第80話 英雄はハーレムを作る
目を覚ますと小さな部屋にいた。
ここは、この半年間、ずっと泊まっていた宿で、俺が借りていた部屋だ。上半身を起こすと、身体のバランスがおかしいことに気がつく。
布団をめくってみると、両膝から下がなくなっていて、グルグルと包帯が巻かれている。それで、あのときの痛みとともに、全ての顛末を思い出した。
「あーそういえば、そうだったな…」
階級6と5と事務員とで、だ。誰も死なずに狩ることができたのは、はっきり言って奇跡だった。
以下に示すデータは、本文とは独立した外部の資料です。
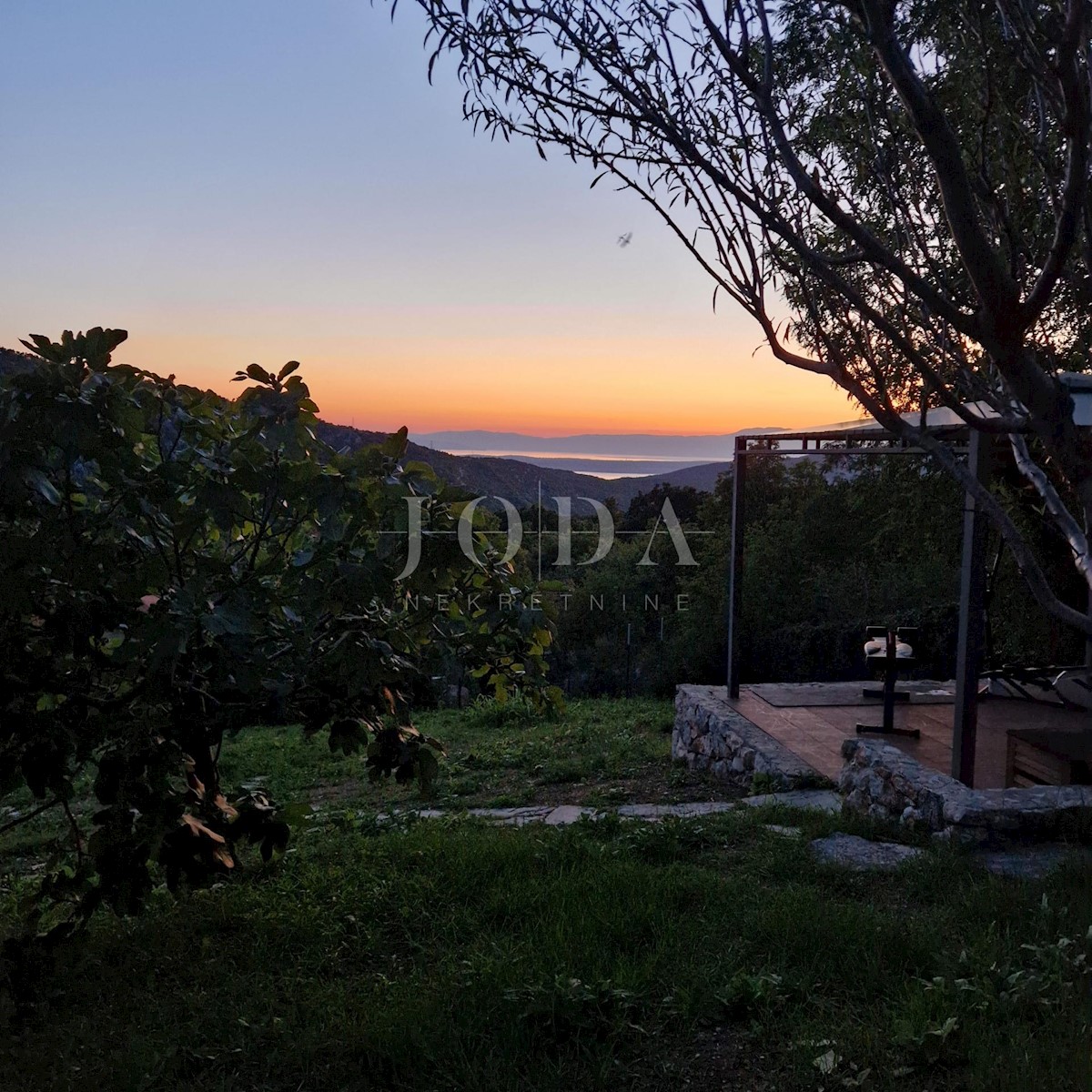 Casa In vendita - PRIMORSKO-GORANSKA VINODOLSKA OPĆINA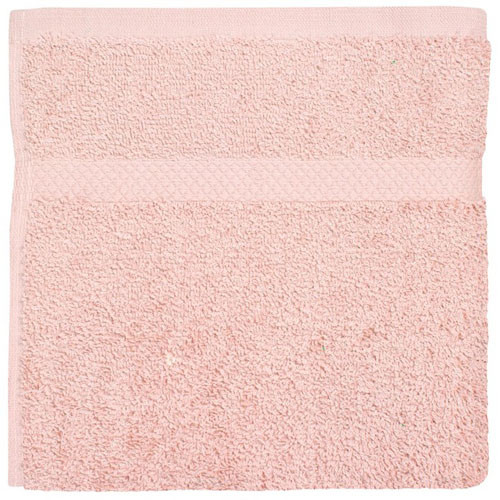 TOWELS BATH 10S 100%C 20IN X 40IN 5.5LB ROSE ECONOMY (48/CS) [600-BT2040-RSE]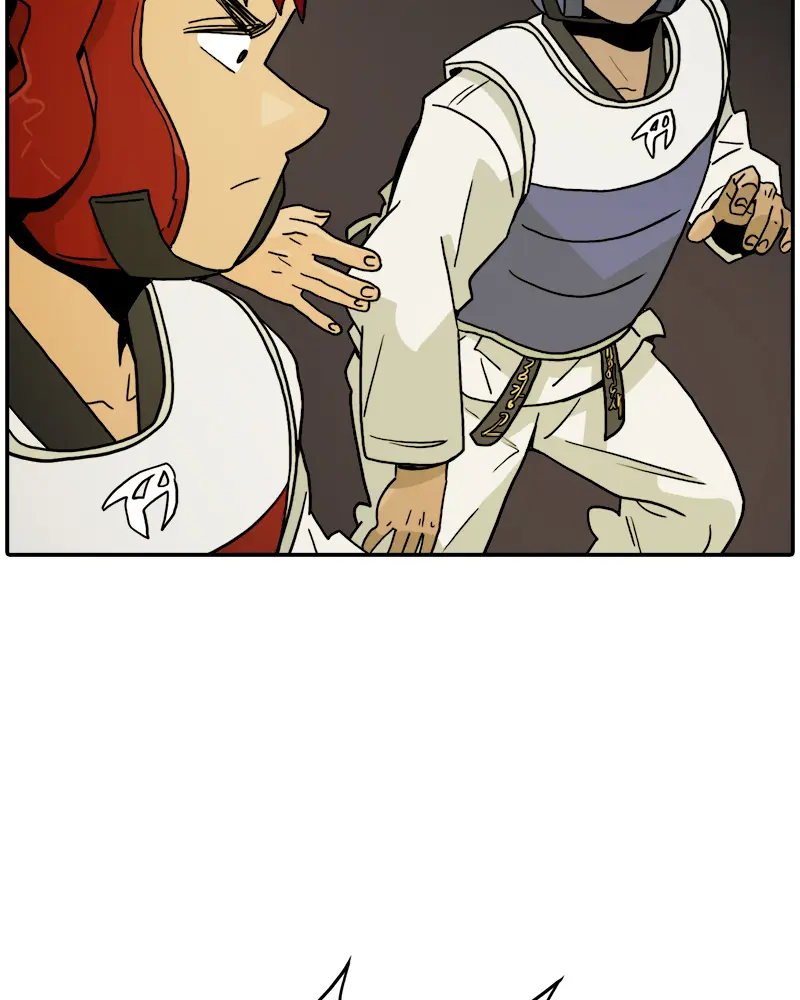 Taekwondo Kid capítulo 17, página 64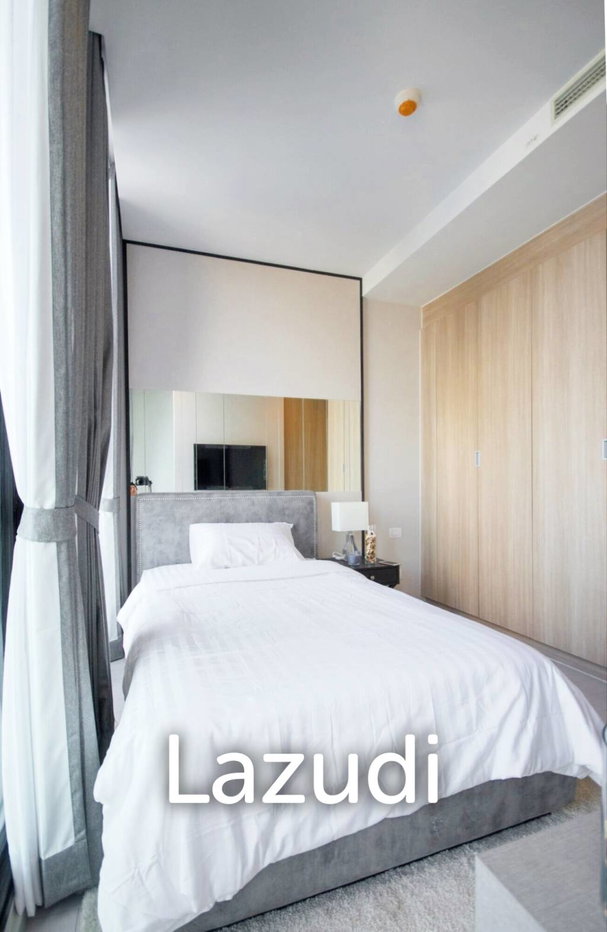 picture 3 Bed 3 Bath 186 SQ.M Noble Ploenchit - 13/26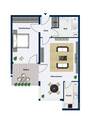 Grundriss - 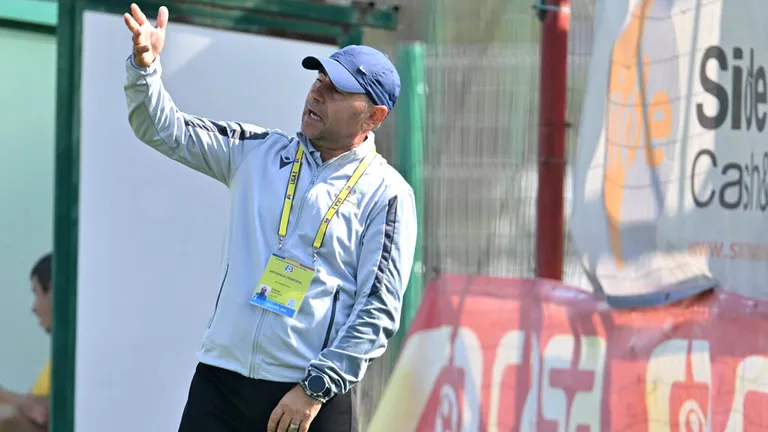 CSC Dumbrăvița va face cantonamentul în satul ”dacilor liberi”! Antrenorul Florin Fabian spune și câte și ce fel de achiziții își dorește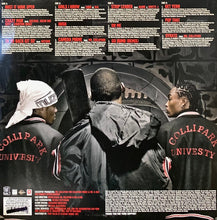 Load image into Gallery viewer, Da Muzicianz : Da Muzicianz (2xLP)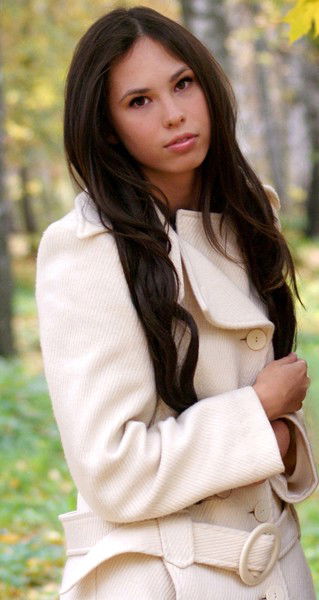 Юлия Шорова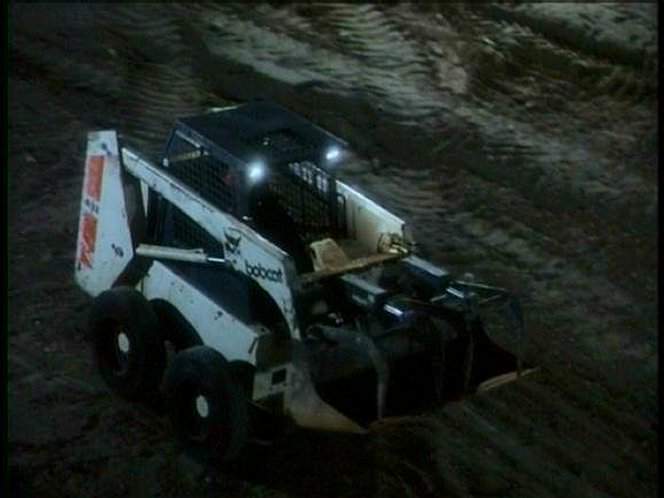 Bobcat 843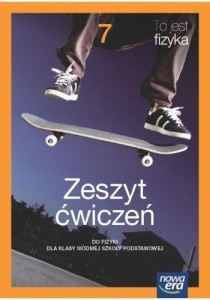 FIZYKA SP 7 TO JEST FIZYKA NEON ĆW. 2023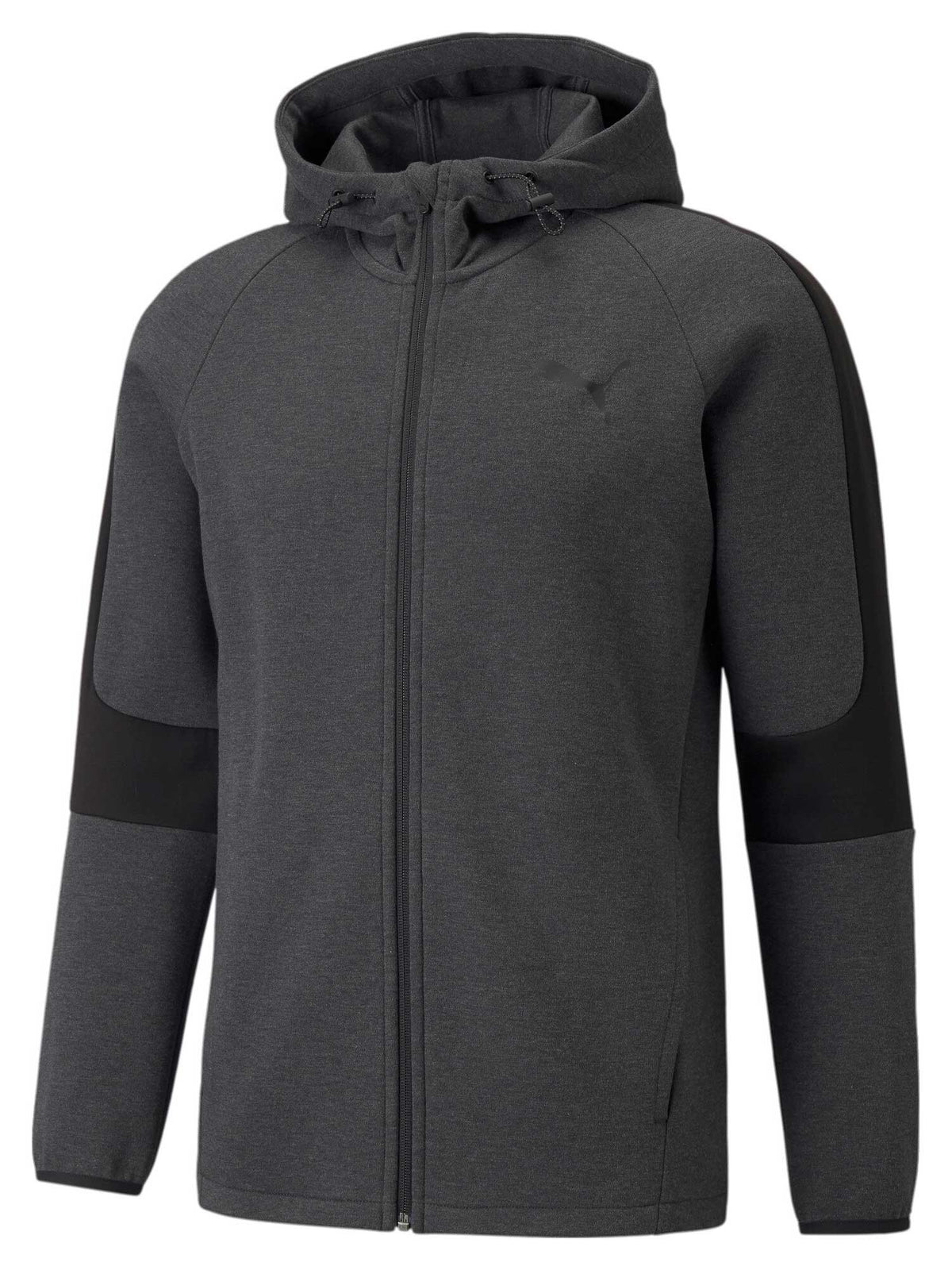 PUMA Суитшърт EVOSTRIPE
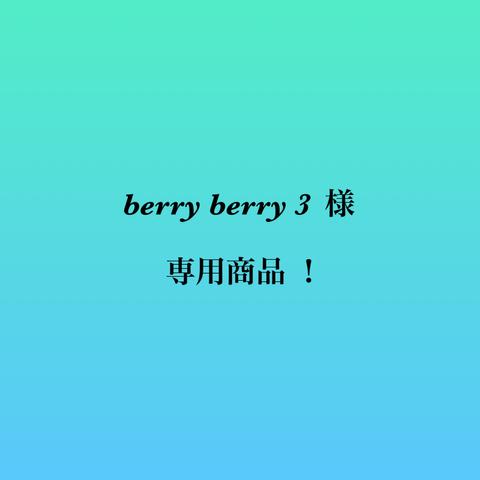 【berry berry 3 】様専用商品❗️②本セット✨さざれ石入り💫天然石ネックレス💫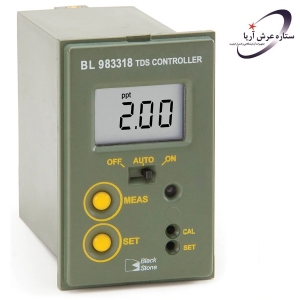 BL983318 TDS Mini Controller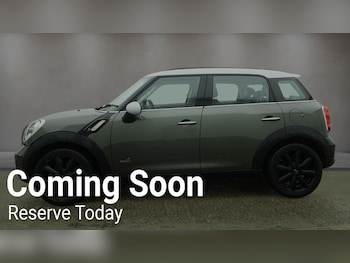 Used MINI Countryman 2012 for sale - 78307815: Photo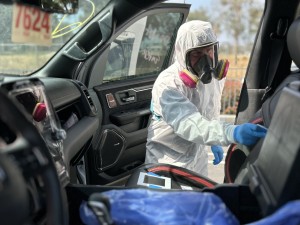 Safety Services Management expands illicit drug-contaminated vehicle cleaning services to Illinois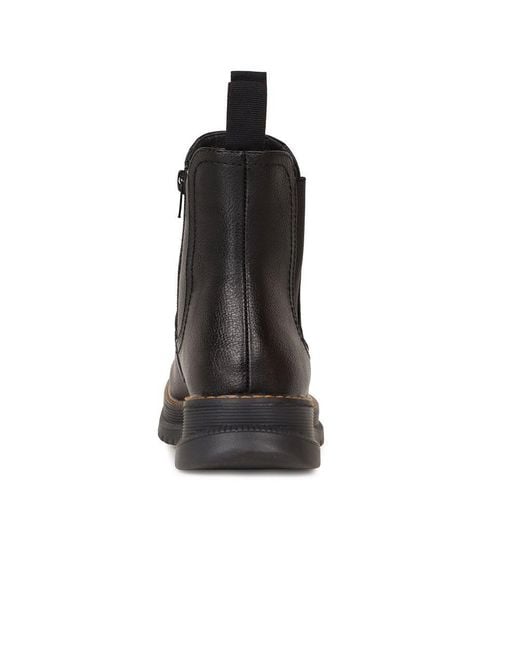 Westland Black Peyton 05 Chelsea Boots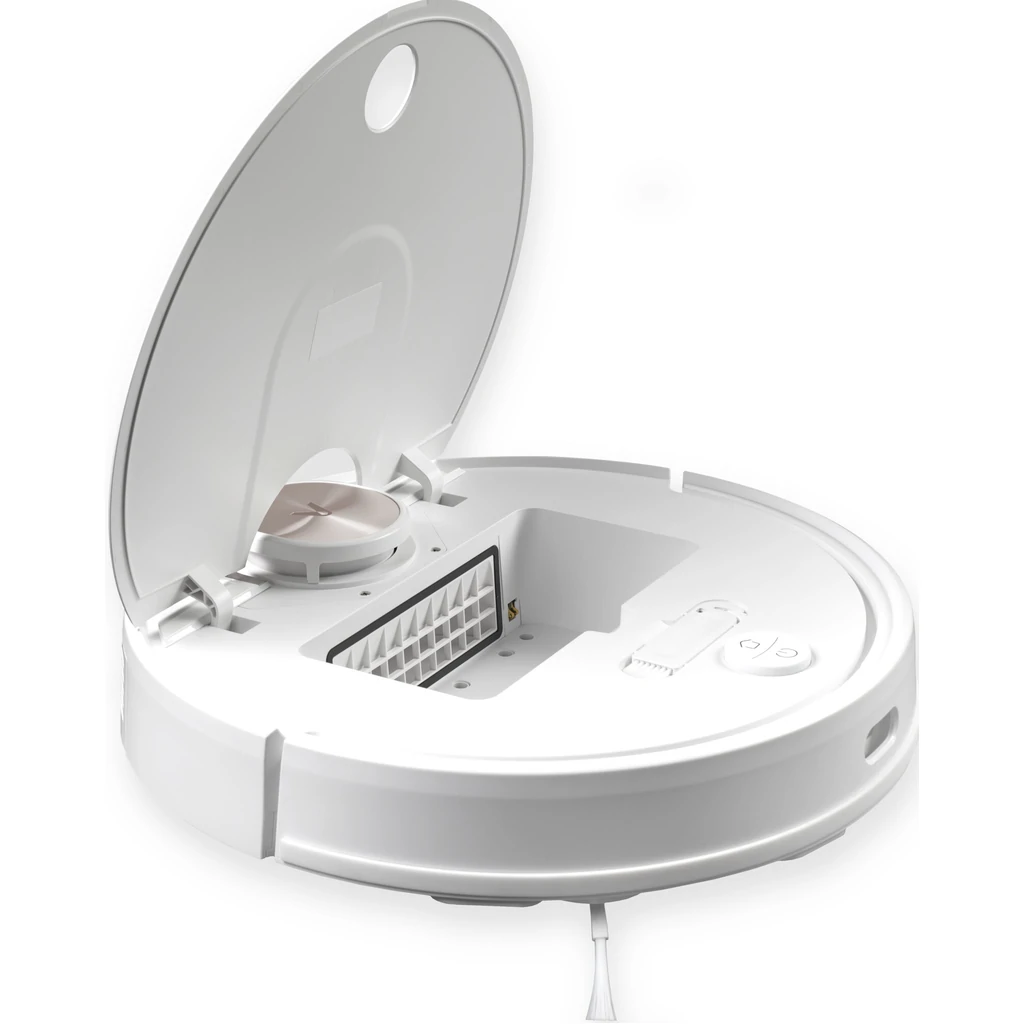 Миючий робот-пилосос Viomi Robot Vacuum Cleaner SE EU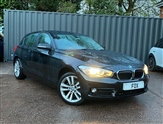 Used BMW 1 Series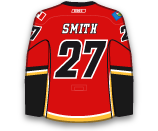 dres Derek Smith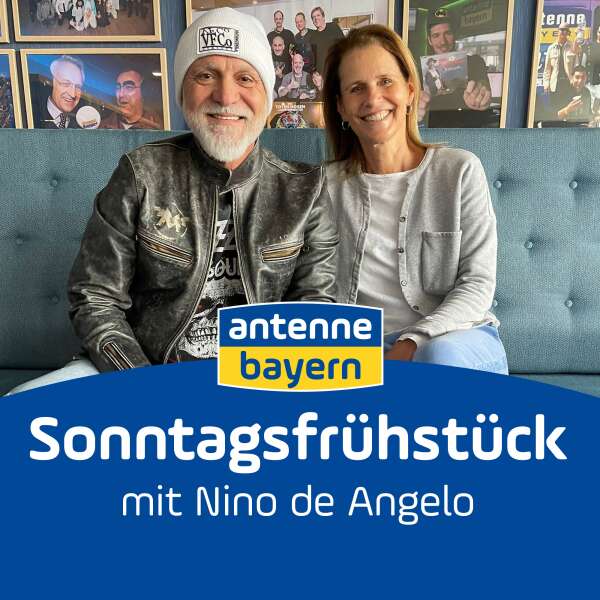 Das ANTENNE BAYERN Sonntagsfrühstück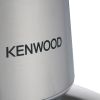 Kenwood Prospero+ Stand Mixer, 1000 Watt, Silver - KHC29.A0SI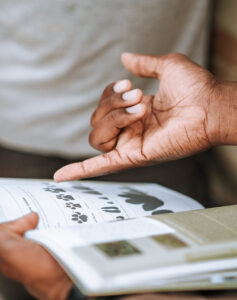 Namibia travel advice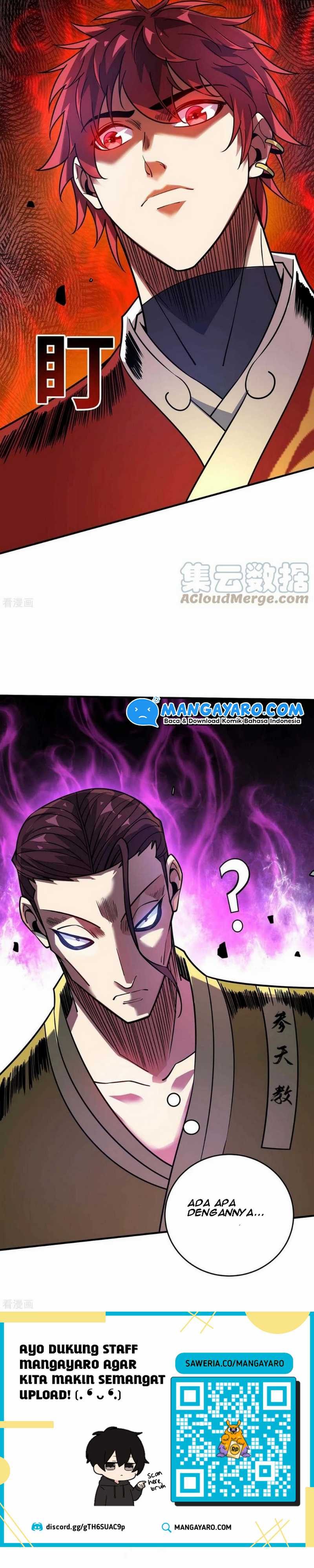 The First Son-In-Law Vanguard of All Time Chapter 159 Gambar 20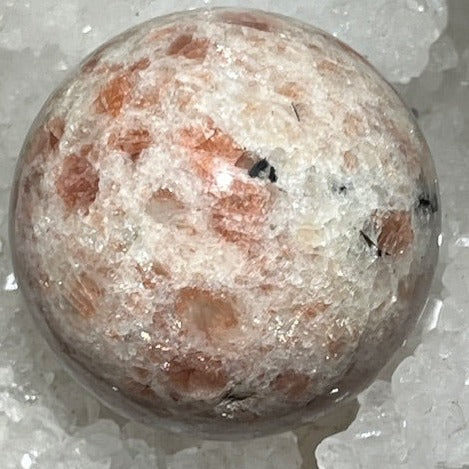 Sphère Pierre de Soleil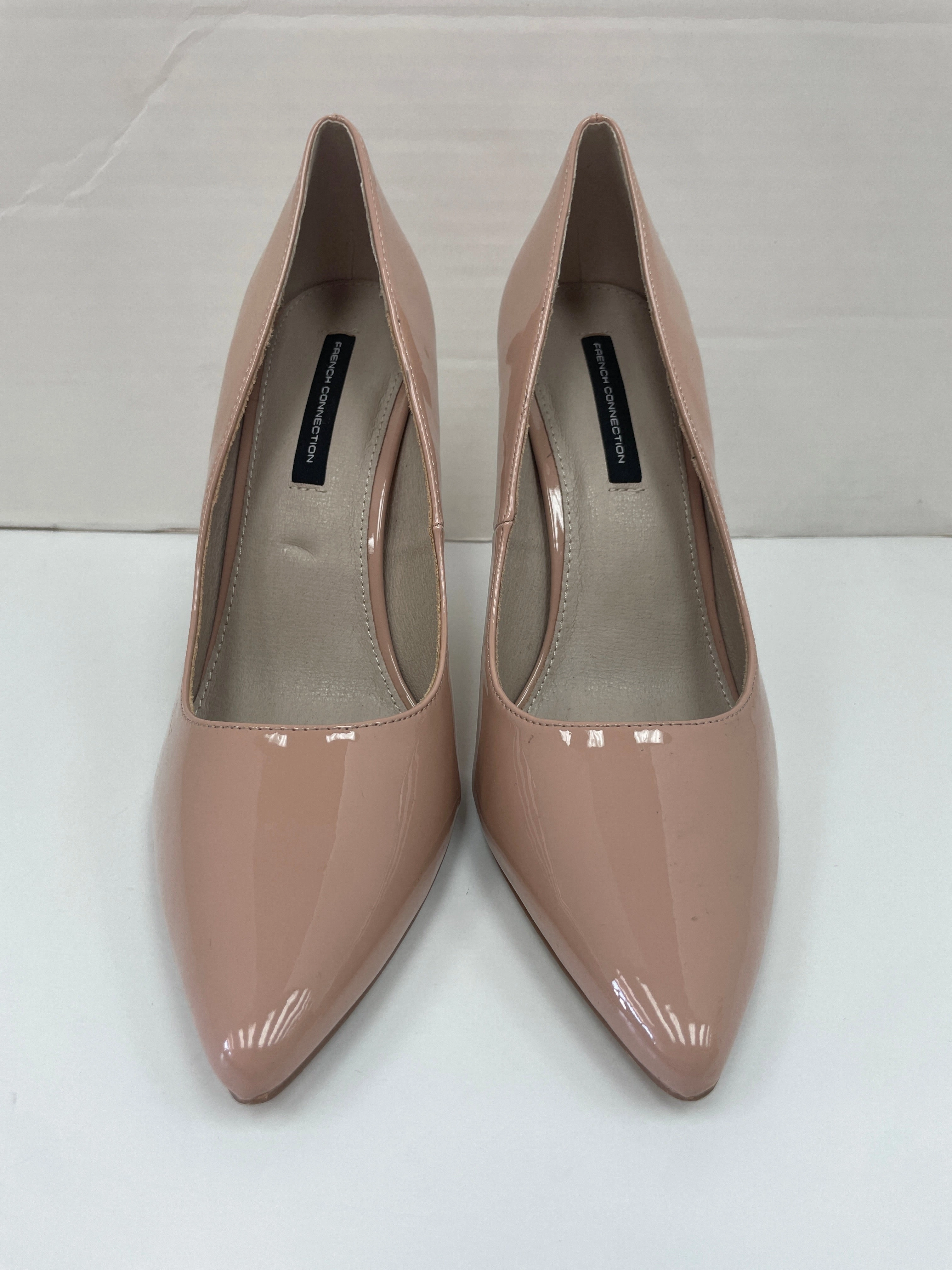 Shoes Heels Stiletto By French Connection  Size: 11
あの場にいたのが、うまく連携が噛み合うリーゼとロゼッタと俺の3人だったからこそ、うまくいったのだ。
むしろ、あの戦力差で、犠牲が俺の脚だけで済んだのは、ラッキーと言っても差し支えないレベルだ。
俺が、
「物音がした!シダン!?もしかして起きたの!?」
「おう、リーゼ、無事だったか?」
そう声をかけると、リーゼは目いっぱいに涙を溜めながら、俺に飛びついきた。そして、俺が生きていることをその身で確かめるように、俺の胸に何度も顔を擦りつけてきた。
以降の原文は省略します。